PROBLEM TO WORK ON
Exact copy, no pictures: repeat the data that follows.

DATASET CONTENT
###

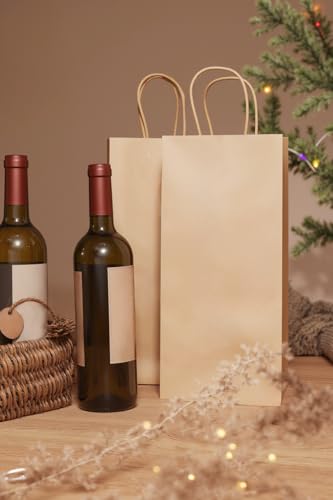 Kraft Paper Wine Gift Bags
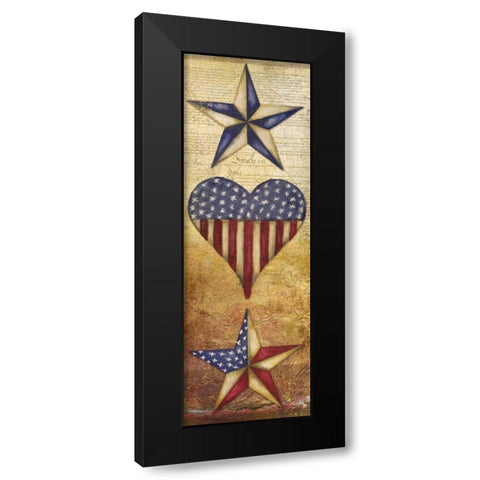 America Stars II Black Modern Wood Framed Art Print by Medley, Elizabeth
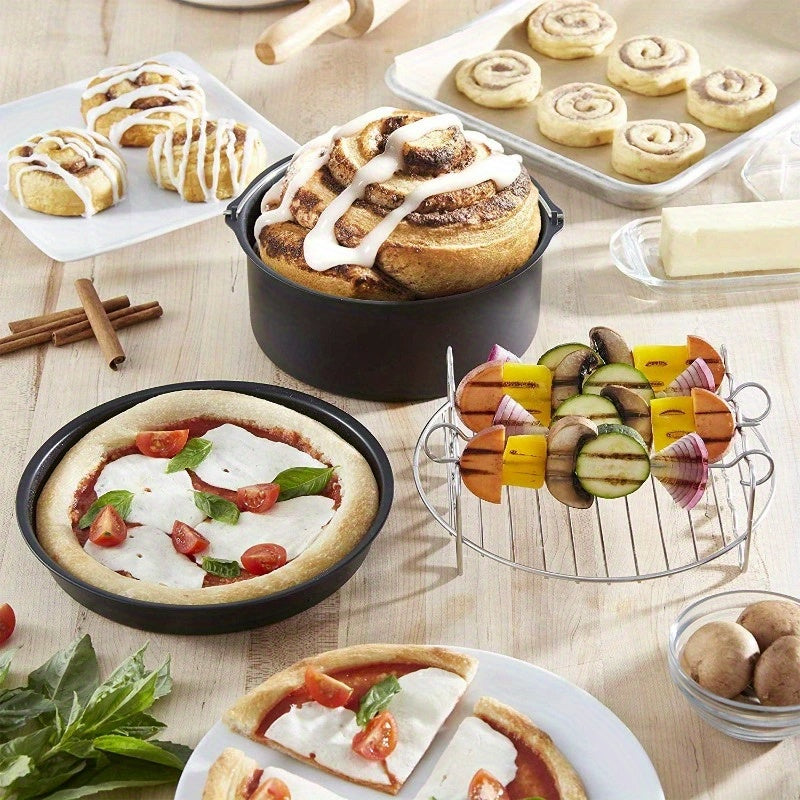 6pcs Air Fryer Accessory Kit 2 Quart Compact Air Fryer Accessories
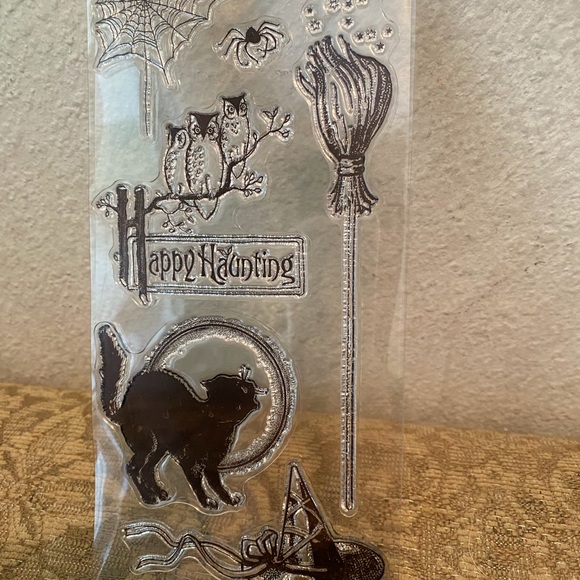 Halloween Clear Cling Rubber Stamp Set NEW - Picture 4 of 6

###

ANSWER
 Kraft Paper Wine Gift Bags
 America Stars II Black Modern Wood Framed Art Print by Medley, Elizabeth
 6pcs Air Fryer Accessory Kit 2 Quart Compact Air Fryer Accessories
 Halloween Clear Cling Rubber Stamp Set NEW - Picture 4 of 6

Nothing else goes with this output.